#### TASK PROMPT:
In your copy, reproduce each entry exactly and include no picture.
EXERCISE DATA START
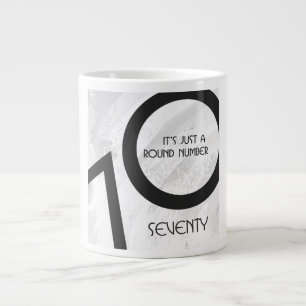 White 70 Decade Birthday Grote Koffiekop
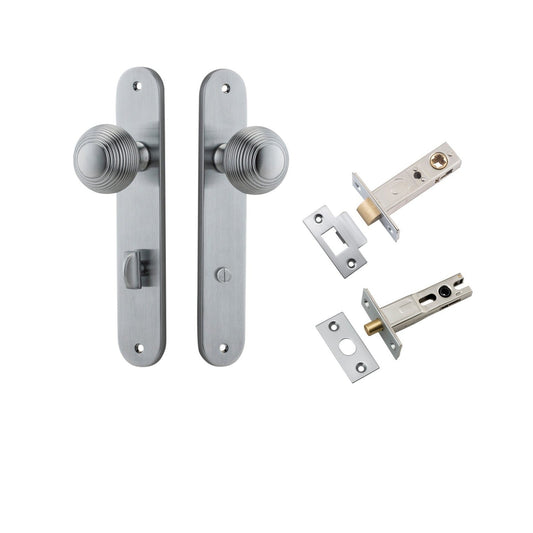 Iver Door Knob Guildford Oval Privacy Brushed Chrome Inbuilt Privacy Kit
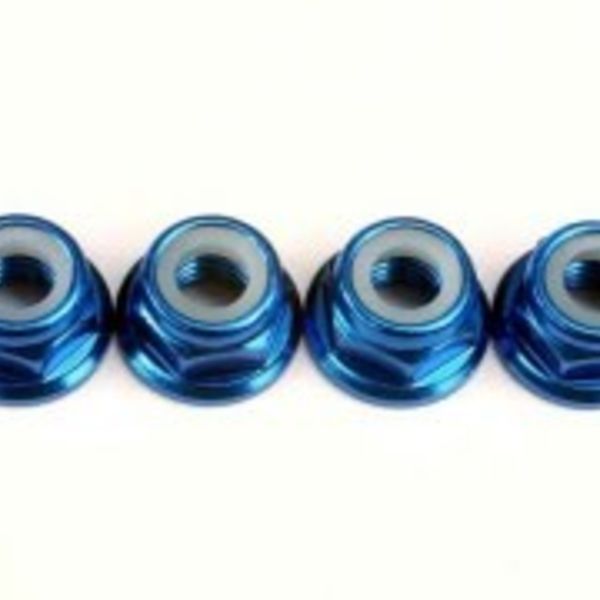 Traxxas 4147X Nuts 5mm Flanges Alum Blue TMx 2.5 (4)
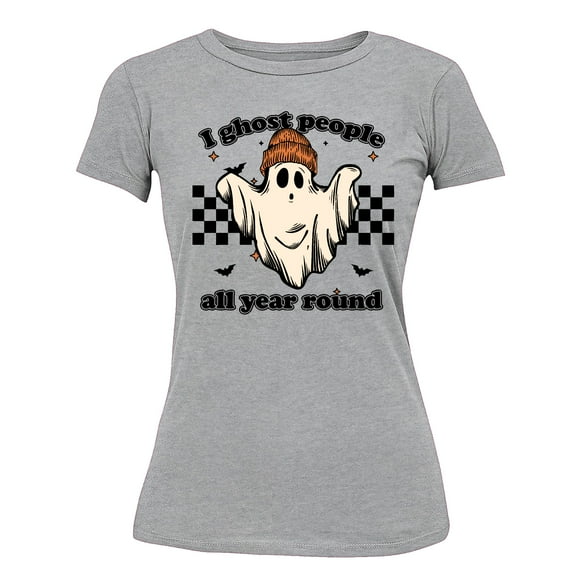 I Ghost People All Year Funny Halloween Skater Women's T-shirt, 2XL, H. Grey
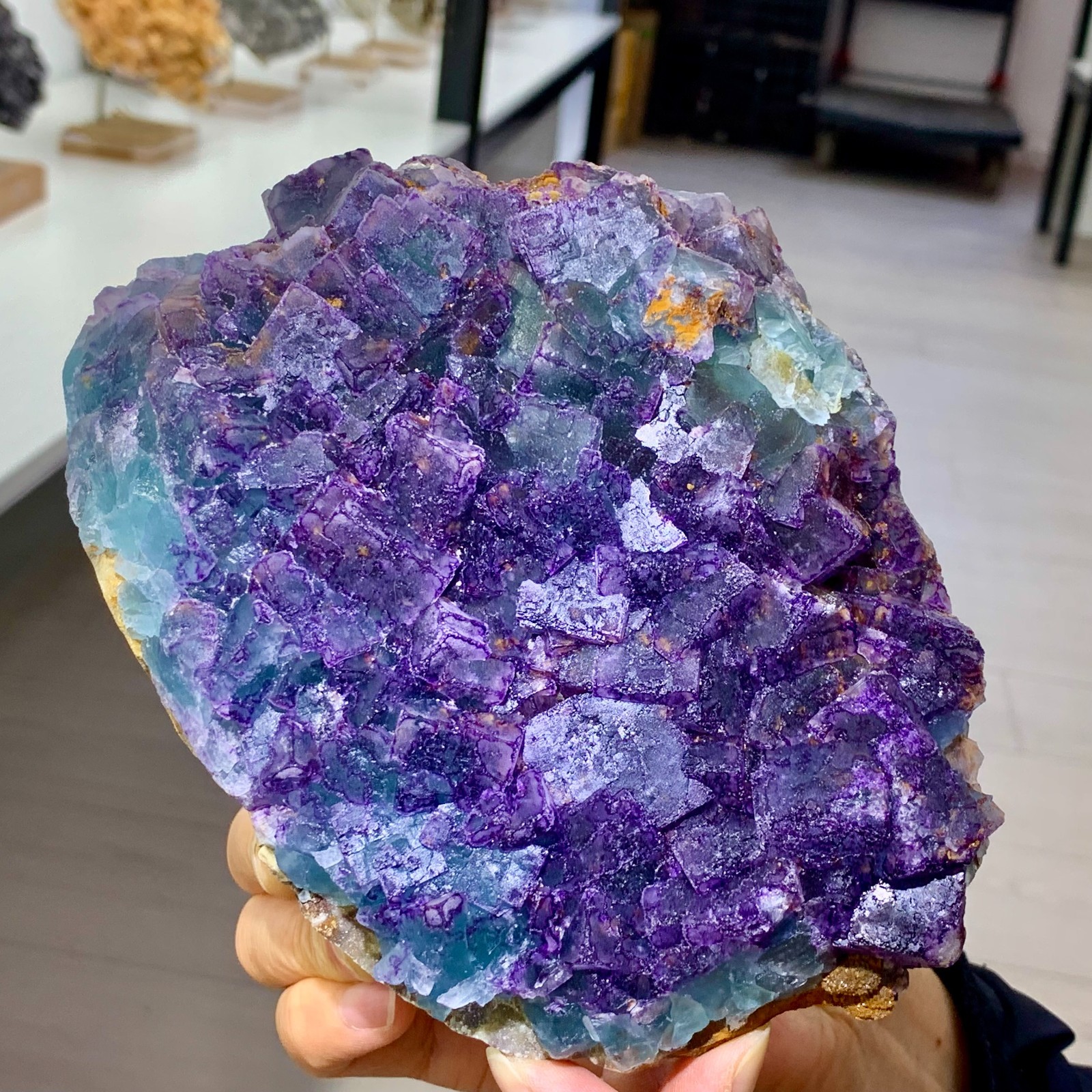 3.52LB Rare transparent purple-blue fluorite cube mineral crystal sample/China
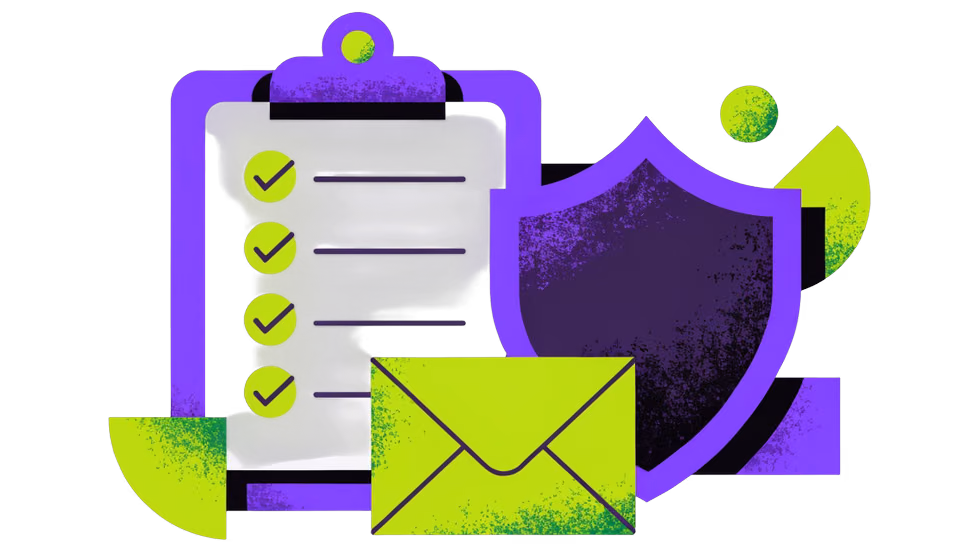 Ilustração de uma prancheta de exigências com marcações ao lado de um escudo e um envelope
EXERCISE DATA END
#### TASK SOLUTION:
 White 70 Decade Birthday Grote Koffiekop
 Iver Door Knob Guildford Oval Privacy Brushed Chrome Inbuilt Privacy Kit
 Traxxas 4147X Nuts 5mm Flanges Alum Blue TMx 2.5 (4)
 I Ghost People All Year Funny Halloween Skater Women's T-shirt, 2XL, H. Grey
 3.52LB Rare transparent purple-blue fluorite cube mineral crystal sample/China
 Ilustração de uma prancheta de exigências com marcações ao lado de um escudo e um envelope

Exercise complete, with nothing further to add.